Dataset entries:
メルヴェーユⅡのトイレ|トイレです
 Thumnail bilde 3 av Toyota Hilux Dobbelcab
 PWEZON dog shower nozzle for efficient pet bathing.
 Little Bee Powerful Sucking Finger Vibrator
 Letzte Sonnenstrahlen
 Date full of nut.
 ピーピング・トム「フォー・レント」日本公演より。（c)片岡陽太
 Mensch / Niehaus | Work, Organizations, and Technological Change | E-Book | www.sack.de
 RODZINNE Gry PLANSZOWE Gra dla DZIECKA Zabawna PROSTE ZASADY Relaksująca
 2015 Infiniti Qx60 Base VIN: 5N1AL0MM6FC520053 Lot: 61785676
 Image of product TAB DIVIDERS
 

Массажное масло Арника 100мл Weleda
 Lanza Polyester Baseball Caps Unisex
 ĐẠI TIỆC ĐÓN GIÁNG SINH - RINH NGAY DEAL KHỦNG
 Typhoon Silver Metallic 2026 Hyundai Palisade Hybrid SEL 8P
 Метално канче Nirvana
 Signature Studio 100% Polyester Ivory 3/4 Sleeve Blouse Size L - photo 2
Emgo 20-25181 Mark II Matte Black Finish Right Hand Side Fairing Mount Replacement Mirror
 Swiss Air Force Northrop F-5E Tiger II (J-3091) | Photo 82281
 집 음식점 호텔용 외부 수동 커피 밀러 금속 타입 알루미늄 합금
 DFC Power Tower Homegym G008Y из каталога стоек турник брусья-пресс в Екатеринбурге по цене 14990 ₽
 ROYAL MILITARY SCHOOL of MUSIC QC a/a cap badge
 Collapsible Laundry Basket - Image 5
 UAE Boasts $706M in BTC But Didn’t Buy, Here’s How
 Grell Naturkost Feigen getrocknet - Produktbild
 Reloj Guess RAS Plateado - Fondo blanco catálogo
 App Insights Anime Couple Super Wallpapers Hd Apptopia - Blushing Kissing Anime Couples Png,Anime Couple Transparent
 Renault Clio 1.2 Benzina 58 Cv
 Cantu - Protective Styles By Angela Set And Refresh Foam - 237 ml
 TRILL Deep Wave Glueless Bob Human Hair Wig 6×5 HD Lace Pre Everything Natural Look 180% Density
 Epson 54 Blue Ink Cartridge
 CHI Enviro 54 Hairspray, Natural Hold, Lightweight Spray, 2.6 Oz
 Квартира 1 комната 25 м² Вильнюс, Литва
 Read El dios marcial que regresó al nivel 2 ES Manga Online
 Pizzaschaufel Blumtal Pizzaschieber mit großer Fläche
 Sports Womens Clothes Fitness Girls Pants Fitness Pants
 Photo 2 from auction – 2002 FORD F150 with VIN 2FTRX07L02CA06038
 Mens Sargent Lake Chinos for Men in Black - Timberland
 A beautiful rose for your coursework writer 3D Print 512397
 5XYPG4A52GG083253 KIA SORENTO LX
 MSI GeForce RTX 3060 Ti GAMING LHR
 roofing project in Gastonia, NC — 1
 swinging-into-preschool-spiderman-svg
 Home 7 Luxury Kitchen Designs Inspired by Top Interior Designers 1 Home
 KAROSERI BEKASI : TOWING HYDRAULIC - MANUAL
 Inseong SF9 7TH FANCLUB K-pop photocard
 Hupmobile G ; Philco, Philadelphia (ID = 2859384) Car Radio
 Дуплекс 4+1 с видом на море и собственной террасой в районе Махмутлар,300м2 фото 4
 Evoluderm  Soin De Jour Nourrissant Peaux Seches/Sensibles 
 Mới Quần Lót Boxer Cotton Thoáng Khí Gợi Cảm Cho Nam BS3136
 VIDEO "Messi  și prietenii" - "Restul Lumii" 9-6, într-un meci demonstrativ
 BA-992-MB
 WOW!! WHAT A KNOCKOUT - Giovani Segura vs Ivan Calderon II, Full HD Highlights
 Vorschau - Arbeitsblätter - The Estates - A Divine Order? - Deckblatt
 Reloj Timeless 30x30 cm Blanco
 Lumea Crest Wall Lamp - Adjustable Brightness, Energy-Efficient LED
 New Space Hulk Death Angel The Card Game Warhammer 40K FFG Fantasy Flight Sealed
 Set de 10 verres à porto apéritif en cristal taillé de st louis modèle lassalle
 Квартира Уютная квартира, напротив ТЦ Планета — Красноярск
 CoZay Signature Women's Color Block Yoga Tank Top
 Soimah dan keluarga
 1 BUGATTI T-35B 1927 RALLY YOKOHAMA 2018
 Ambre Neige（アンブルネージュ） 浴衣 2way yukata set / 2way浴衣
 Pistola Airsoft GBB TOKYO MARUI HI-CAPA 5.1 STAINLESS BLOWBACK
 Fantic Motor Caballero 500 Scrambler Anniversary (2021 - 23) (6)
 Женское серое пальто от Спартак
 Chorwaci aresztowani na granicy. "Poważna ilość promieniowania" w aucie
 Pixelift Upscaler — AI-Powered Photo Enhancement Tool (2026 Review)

> **HOW TO COMPLETE THIS TASK**
The output must consist solely of the lines from the first line of the records through the line containing "Метално канче Nirvana", reproduced exactly.

> **SOLUTION TO THIS TASK**
メルヴェーユⅡのトイレ|トイレです
 Thumnail bilde 3 av Toyota Hilux Dobbelcab
 PWEZON dog shower nozzle for efficient pet bathing.
 Little Bee Powerful Sucking Finger Vibrator
 Letzte Sonnenstrahlen
 Date full of nut.
 ピーピング・トム「フォー・レント」日本公演より。（c)片岡陽太
 Mensch / Niehaus | Work, Organizations, and Technological Change | E-Book | www.sack.de
 RODZINNE Gry PLANSZOWE Gra dla DZIECKA Zabawna PROSTE ZASADY Relaksująca
 2015 Infiniti Qx60 Base VIN: 5N1AL0MM6FC520053 Lot: 61785676
 Image of product TAB DIVIDERS
 

Массажное масло Арника 100мл Weleda
 Lanza Polyester Baseball Caps Unisex
 ĐẠI TIỆC ĐÓN GIÁNG SINH - RINH NGAY DEAL KHỦNG
 Typhoon Silver Metallic 2026 Hyundai Palisade Hybrid SEL 8P
 Метално канче Nirvana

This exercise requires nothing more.